EC meets to hammer out budget, policy problems

He is normally the diplomat's diplomat, eschewing hyperbole for hyper-calm. But earlier this month Belgium's foreign minister, L'eo Tindemans, lost it. ``Europe is not going well,'' he huffed. ``I feel like giving up.''

The source of Mr. Tindemans's despair lay in the continuing failure of European Community (EC) government ministers to resolve their perennial squabbles over financing and get on with the broader business of building a better Europe.

After months of acrimonious debate among agriculture and finance ministers, heads of government from the 12 EC nations will gather here today and tomorrow - as one observer put it hopefully - ``to take the bull by the horns.''

Three problems need urgent attention, officials here point out: this year's yawning budget shortfall (some $6 billion); excessive spending on agricultural production (which eats up more than two-thirds of the EC's $42 billion budget); and reform of the community's financing system for next year and beyond.

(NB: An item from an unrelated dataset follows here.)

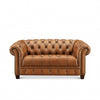 Hydeline York Leather Loveseat - Brown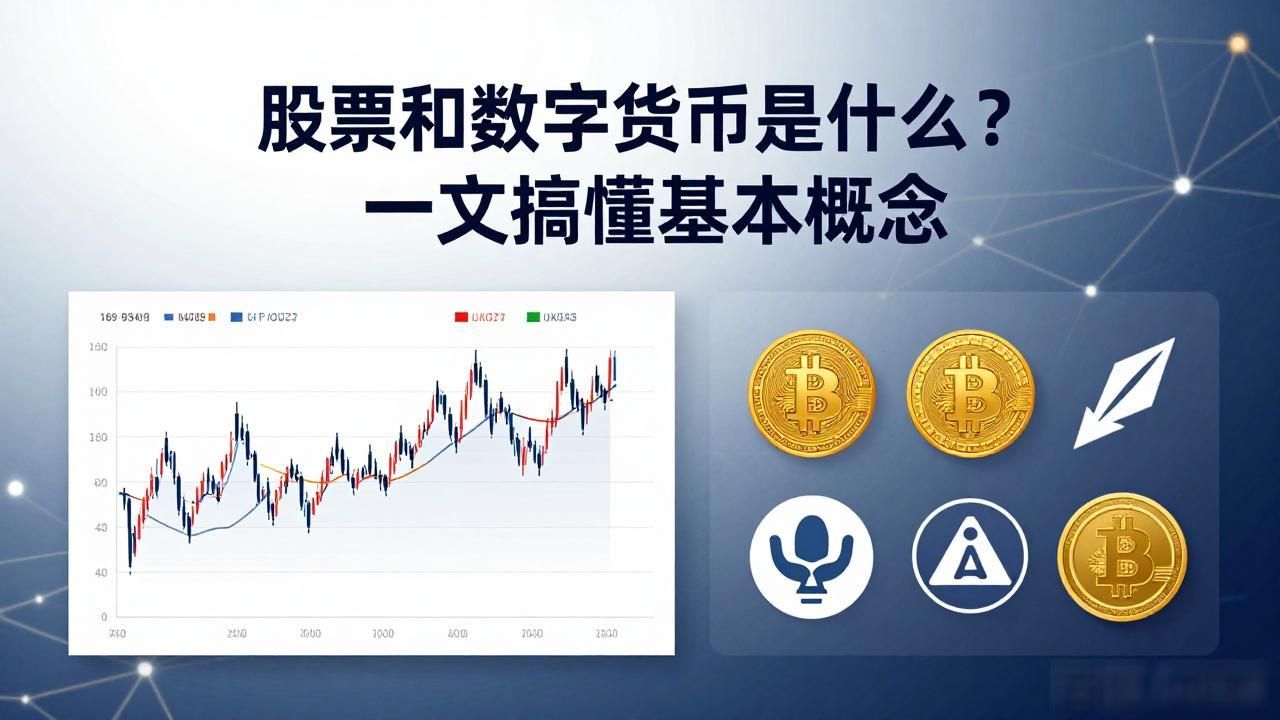 股票和数字货币是什么？一文搞懂基本概念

No one believes that EC leaders will spend this two-day meeting deciding how much to spend, and on what. In fact, the EC foreign ministers this past week abandoned any effort to tackle the details of the community's budget crisis. In a preparatory meeting for the summit, the ministers decided to create an agenda that would address the crisis only in general terms. But the leaders will be called on to break the EC's policymaking logjam - ``to lay down the thrust of future development,'' as Jacques Delors, the European Commission president, put it earlier this month.

The current dispute within the EC runs broadly along north-south lines. Britain and other northern nations refuse to further fill the EC coffers until there's an agreement to halt agricultural overspending and adhere to stricter budgetary discipline. Southern countries like Spain, Portugal, and Greece say the EC's rich north should do even more for the poor south.

Earlier this year, Mr. Delors set off on a tour of EC capitals to try to sell a plan drafted by the European Commission - the EC's policy-proposing body - to increase resources and introduce a system of strict budget discipline. But that plan was shot down quickly by rich EC member countries as unworkable. Then this past week, Belgian Prime Minister Wilfried Martens, the summit's host, followed Delors's footsteps - this time in search of compromise among governments. He found nothing much new.

Some reports suggest that West German Chancellor Helmut Kohl - whose government has been holding up agreement on proposals to cut EC farm prices, arguing that a slash in farmers's incomes would be devastating - plans to counter critics by presenting a package of new measures at the summit aimed at closing this year's budget gap.

Beyond that, there is little hope here that the summit will beat a path through the thicket of conflict to point the way to new horizons of unity, even though the stakes for not doing so continue to rise.